[Short text fragments from websites]
Content starts
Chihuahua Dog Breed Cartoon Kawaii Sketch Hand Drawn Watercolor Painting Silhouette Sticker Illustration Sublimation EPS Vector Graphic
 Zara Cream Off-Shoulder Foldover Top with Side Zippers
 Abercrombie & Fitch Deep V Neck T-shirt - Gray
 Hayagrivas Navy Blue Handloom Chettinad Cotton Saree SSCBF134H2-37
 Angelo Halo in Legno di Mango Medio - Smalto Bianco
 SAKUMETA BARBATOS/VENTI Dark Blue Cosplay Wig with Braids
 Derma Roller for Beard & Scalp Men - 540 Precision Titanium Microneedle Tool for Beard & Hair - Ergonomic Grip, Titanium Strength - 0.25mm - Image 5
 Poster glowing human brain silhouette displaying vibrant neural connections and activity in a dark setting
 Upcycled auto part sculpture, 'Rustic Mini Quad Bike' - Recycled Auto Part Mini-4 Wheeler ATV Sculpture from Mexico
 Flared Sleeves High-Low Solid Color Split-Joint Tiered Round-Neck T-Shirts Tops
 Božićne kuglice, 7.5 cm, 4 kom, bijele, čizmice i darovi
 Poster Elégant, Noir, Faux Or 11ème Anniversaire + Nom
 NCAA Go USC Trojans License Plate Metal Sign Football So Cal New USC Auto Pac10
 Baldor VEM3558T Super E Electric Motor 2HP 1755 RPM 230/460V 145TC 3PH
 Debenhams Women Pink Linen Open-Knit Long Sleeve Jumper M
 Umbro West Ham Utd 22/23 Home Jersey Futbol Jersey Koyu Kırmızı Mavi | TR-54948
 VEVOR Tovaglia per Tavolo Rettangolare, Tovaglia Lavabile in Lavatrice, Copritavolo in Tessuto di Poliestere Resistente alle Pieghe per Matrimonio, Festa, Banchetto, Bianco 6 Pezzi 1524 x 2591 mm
Content ends
EXERCISE AIM: Copy the stretch of the records above that runs from the line with "Angelo Halo in" through the line with "Debenhams Women Pink". Both end lines belong in the copy, and nothing else does.

ANSWER SECTION:
 Angelo Halo in Legno di Mango Medio - Smalto Bianco
 SAKUMETA BARBATOS/VENTI Dark Blue Cosplay Wig with Braids
 Derma Roller for Beard & Scalp Men - 540 Precision Titanium Microneedle Tool for Beard & Hair - Ergonomic Grip, Titanium Strength - 0.25mm - Image 5
 Poster glowing human brain silhouette displaying vibrant neural connections and activity in a dark setting
 Upcycled auto part sculpture, 'Rustic Mini Quad Bike' - Recycled Auto Part Mini-4 Wheeler ATV Sculpture from Mexico
 Flared Sleeves High-Low Solid Color Split-Joint Tiered Round-Neck T-Shirts Tops
 Božićne kuglice, 7.5 cm, 4 kom, bijele, čizmice i darovi
 Poster Elégant, Noir, Faux Or 11ème Anniversaire + Nom
 NCAA Go USC Trojans License Plate Metal Sign Football So Cal New USC Auto Pac10
 Baldor VEM3558T Super E Electric Motor 2HP 1755 RPM 230/460V 145TC 3PH
 Debenhams Women Pink Linen Open-Knit Long Sleeve Jumper M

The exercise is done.